The rest of the Top 10 are a decidedly mixed bag: Roman Polanski's absurdist political thriller The Ghost Writer finished fourth, followed by a couple of surprise foreign films, Maren Ade's acerbic relationship comedy Everyone Else and Giorgios Lanthimos' allegorical family drama Dogtooth. Darren Aronofsky's madcap Black Swan came in seventh, just ahead of Alain Resnais' even madder Wild Grass, tied with Bong Joon-ho's Hitchcockian murder mystery Mother and followed by the year's top-grossing movie, Toy Story 3.

The poll has a few anomalies. Three critics named movies as the year's best that figured on no one else's ballots: the Nicholas Winding Refn viking fest Valhalla Rising, documentary The Tillman Story and Rodrigo García's adoption drama Mother and Child. But these are proudly declared individual statements. Movies are more generally a collective art and social phenomenon.
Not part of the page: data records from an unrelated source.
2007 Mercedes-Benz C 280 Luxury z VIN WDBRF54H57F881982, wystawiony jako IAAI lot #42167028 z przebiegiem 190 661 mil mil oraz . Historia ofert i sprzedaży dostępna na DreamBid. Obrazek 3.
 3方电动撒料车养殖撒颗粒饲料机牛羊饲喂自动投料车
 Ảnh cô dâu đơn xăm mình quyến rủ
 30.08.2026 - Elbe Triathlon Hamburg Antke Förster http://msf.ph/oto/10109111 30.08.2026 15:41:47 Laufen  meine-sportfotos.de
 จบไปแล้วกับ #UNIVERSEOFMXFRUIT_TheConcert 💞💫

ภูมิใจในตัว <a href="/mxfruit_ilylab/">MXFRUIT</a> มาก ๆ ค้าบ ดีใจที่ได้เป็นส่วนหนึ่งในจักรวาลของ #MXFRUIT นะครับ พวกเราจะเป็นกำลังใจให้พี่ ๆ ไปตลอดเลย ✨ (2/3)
As box office receipts measure popularity, polls manifest consensus. What's really fascinating is intensity of feeling. Each poll has a hidden story, revealing those movies that are not only liked but really liked or even passionately lurved. Carlos may have appeared on significantly fewer ballots than The Social Network, but it garnered more first-place votes and had a higher average score. To quantify this sort of intensity, we've derived a primitive algorithm (factoring a movie's average score with the percentage of voters listing it first or second) known as the Passiondex™.

Application of the Passiondex™ to movies listed by at least three critics yields a somewhat different list of winners, headed by the bleak, violent Red Riding Trilogy (No. 26). Substantially trailing that critical cult winner are Manoel de Oliveira's blandly eccentric Strange Case of Angelica (No. 29); Carlos; Chang-dong Lee's epic crime drama Secret Sunshine (No. 16); Todd Solondz's dark comedy Life During Wartime (No. 35); Jessica Hausner's deadpan religious satire Lourdes (No. 24); Miguel Gomes' not-quite music doc Our Beloved Month of August (No. 20); Toy Story 3; and Dogtooth. (That Lourdes, Dogtooth and Life During Wartime all received votes as the year's worst film just enhances their cult status.) Tied with Dogtooth, and just ahead of Greenberg (No. 18) on the pash list: The Social Network.